Record extracts:
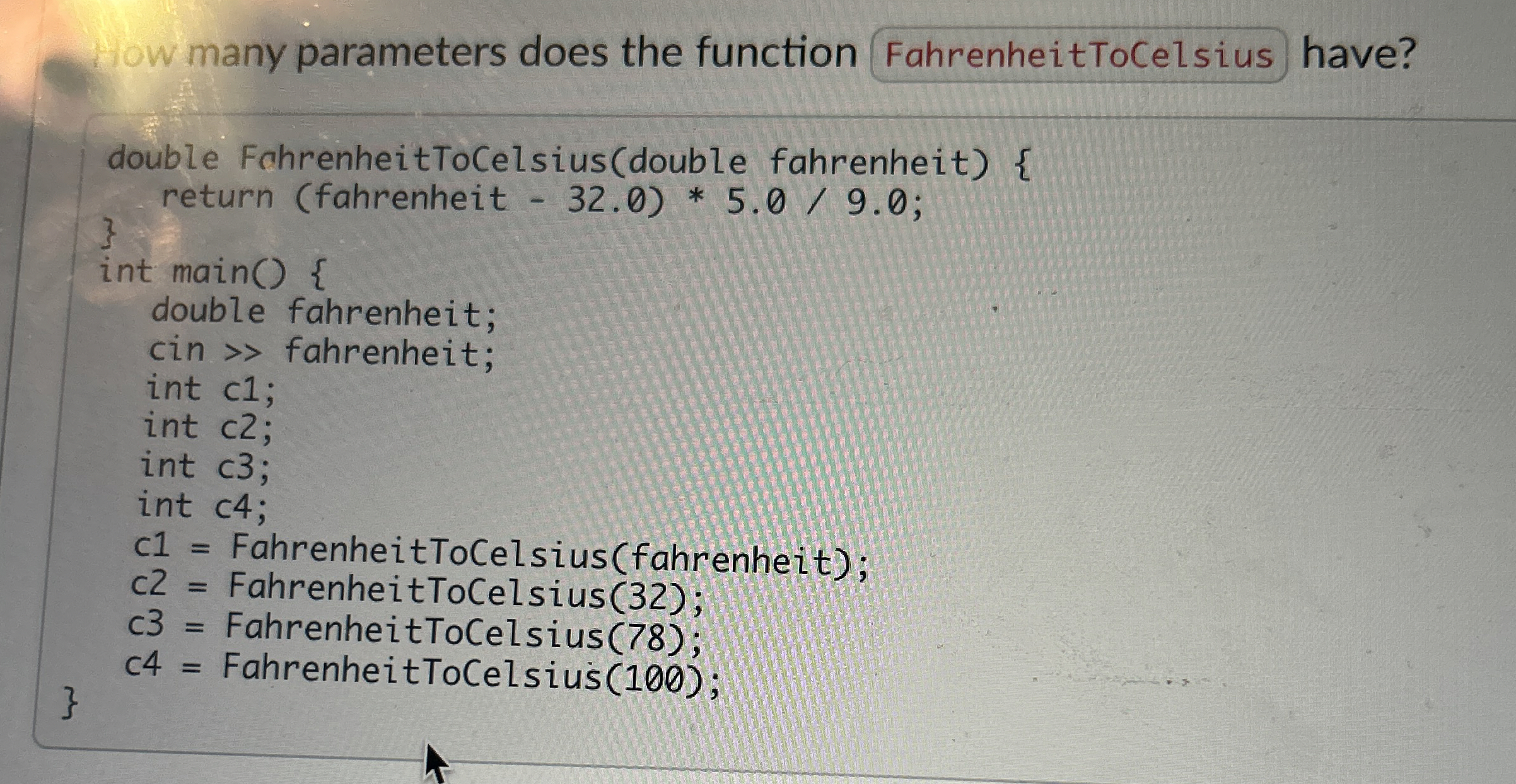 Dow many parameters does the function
* * *
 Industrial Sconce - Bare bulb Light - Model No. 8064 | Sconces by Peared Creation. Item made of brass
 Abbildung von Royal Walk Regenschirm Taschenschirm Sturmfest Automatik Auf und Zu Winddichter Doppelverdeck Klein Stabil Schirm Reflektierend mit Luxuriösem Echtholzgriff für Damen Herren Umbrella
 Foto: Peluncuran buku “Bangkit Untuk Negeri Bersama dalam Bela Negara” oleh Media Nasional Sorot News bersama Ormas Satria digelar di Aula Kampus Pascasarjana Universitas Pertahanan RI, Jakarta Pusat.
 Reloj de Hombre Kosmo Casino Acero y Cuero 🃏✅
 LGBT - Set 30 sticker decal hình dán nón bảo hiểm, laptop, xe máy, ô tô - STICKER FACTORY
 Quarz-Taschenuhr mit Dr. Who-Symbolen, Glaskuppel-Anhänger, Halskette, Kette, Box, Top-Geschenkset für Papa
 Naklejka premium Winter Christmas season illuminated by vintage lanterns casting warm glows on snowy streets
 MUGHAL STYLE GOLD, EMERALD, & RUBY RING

Exercise requirements: When the line with "Foto: Peluncuran buku" is reached in the data above, begin copying, and stop after the line with "Reloj de Hombre"; copy each line exactly, both ends included.

Response box:
 Foto: Peluncuran buku “Bangkit Untuk Negeri Bersama dalam Bela Negara” oleh Media Nasional Sorot News bersama Ormas Satria digelar di Aula Kampus Pascasarjana Universitas Pertahanan RI, Jakarta Pusat.
 Reloj de Hombre Kosmo Casino Acero y Cuero 🃏✅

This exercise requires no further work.